Agafya stepped onto the bank and went off across the field to the village. At first she walked rather boldly, but then agitation and fear claimed their own: she turned in fright, stopped, and caught her breath.
“See, it’s scary!” Savka smiled sadly, looking at the bright green stripe Agafya left on the dewy grass. “She doesn’t want to go! The husband’s been standing there waiting for a whole hour…Did you see him?”
Savka said these last words with a smile, but they chilled my heart. In the village, by the last cottage, on the road, Yakov stood and stared fixedly at his returning wife. He did not stir and was still as a post. What was he thinking as he looked at her? What words had he prepared for their meeting? Agafya stood for a time, looked back once, as if expecting help from us, and went on. I had never yet seen anyone walk like that, either drunk or sober. It was as if Agafya writhed under her husband’s gaze. She walked in zigzags, then stamped in place, her knees bending and her arms spreading, then backed up a little. Having gone some hundred steps forward, she looked back again and sat down.
“You should at least hide behind a bush,” I said to Savka. “What if the husband sees you…”
“He knows who Agasha’s coming from anyway…It’s not for cabbage that women go to the kitchen gardens at night—everybody knows that.”
I looked at Savka’s face. It was pale and wincing from squeamish pity, as with people when they see an animal tortured.
“The cat laughs, the mouse weeps…,” he sighed.
Agafya suddenly jumped to her feet, shook her head, and, stepping boldly, went to meet her husband. She had evidently gathered her forces and made up her mind.
1886
SPRING
THE SNOW HAS NOT YET LEFT THE GROUND, but spring is already calling on the soul. If you have ever convalesced from a grave illness, you know the blissful state when you swoon from vague presentiments and smile without any reason. Evidently that is the state nature is experiencing now. The ground is cold, mud mixed with snow sloshes under your feet, but everything around is so cheerful, affectionate, friendly! The air is so clear and transparent that it seems if you climbed up on a dovecot or a belfry you could see the whole universe from end to end. The sun shines brightly, and its rays, playing and smiling, bathe in the puddles along with the sparrows. The river swells and darkens; it is already awake, and will start roaring any day now. The trees are bare, but already living, breathing.
In that season it feels good to drive dirty water along the gutters with a broom or a shovel, to send toy boats down the streams, or crack the stubborn ice with your heels. It also feels good to drive pigeons high up into the heavens, or to climb trees and tie birdhouses in them. Yes, everything feels good in that happy time of year, especially if you’re young, love nature, and if you’re not capricious, hysterical, and your job does not oblige you to sit between four walls from morning till evening. It’s not good if you’re sick, if you’re pining away in an office, if you keep company with the muses.
Yes, in spring one should not keep company with the muses.
Just look how good, how nice ordinary people feel. Here’s the gardener Pantelei Petrovich, bright and early, sporting a broad-brimmed straw hat, and quite unable to part with the little stub of a cigar he picked up this morning on the path; look at him standing, arms akimbo, outside the kitchen window, telling the cook about the boots he bought the day before. His whole long and narrow figure, for which the servants call him “scrimpy,” expresses self-satisfaction and dignity. He looks upon nature with the awareness of his superiority over it, and there is in his gaze something proprietary, peremptory, and even supercilious, as if, sitting in his greenhouse or pottering in the garden, he has learned about the vegetable kingdom something that no one else knows.

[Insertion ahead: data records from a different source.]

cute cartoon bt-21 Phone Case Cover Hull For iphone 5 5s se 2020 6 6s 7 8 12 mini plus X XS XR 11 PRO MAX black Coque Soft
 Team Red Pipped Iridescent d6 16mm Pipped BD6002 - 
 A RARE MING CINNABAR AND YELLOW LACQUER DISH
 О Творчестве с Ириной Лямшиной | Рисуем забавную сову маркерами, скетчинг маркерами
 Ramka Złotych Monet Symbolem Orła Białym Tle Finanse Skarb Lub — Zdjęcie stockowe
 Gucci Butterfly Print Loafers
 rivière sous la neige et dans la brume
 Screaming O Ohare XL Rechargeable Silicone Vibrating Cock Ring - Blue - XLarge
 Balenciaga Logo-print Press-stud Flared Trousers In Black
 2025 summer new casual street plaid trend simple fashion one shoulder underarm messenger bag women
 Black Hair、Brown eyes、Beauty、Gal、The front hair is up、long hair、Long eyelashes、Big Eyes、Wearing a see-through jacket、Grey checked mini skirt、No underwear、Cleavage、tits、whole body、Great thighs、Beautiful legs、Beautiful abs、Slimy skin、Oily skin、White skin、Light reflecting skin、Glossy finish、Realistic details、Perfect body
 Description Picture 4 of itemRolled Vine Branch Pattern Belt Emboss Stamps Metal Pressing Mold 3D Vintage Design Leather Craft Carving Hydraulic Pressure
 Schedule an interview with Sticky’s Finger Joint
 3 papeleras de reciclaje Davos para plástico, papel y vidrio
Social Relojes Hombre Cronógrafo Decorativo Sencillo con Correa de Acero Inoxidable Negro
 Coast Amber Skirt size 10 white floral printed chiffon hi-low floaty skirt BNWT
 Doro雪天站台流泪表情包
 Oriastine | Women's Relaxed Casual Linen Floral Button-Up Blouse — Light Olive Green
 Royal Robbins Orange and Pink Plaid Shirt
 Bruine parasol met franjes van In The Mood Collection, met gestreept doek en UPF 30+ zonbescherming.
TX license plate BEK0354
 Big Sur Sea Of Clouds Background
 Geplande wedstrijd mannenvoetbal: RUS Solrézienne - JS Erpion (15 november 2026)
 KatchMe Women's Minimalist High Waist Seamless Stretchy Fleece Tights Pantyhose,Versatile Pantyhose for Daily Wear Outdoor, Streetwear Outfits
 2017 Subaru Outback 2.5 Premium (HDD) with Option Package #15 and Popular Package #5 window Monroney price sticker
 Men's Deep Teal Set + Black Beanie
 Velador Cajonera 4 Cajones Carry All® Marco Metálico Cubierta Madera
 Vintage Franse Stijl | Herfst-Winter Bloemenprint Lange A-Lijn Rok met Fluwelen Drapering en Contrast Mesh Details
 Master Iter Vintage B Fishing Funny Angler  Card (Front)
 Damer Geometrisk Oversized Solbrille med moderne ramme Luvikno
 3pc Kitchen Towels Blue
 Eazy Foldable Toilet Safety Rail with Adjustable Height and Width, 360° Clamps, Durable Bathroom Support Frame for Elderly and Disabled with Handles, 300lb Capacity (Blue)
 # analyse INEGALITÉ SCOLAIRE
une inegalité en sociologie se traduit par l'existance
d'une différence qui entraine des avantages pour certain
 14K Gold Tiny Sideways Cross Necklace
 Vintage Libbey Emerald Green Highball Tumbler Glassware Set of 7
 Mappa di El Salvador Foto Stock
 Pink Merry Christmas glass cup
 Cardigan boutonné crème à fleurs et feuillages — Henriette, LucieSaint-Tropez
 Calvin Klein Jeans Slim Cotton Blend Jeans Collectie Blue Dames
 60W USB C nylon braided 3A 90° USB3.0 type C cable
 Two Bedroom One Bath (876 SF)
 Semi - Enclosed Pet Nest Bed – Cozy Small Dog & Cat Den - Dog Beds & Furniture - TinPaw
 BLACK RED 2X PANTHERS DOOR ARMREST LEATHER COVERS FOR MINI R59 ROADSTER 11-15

It would be useless to explain to him that nature is majestic, awesome, and filled with wondrous charms, before which the proud man should bow his head. It seems to him that he knows everything, all the secrets, charms, and wonders, and for him the beautiful spring is as much of a slave as the narrow-chested, haggard woman who sits in the shed of the greenhouse and ladles out meatless cabbage soup to his children.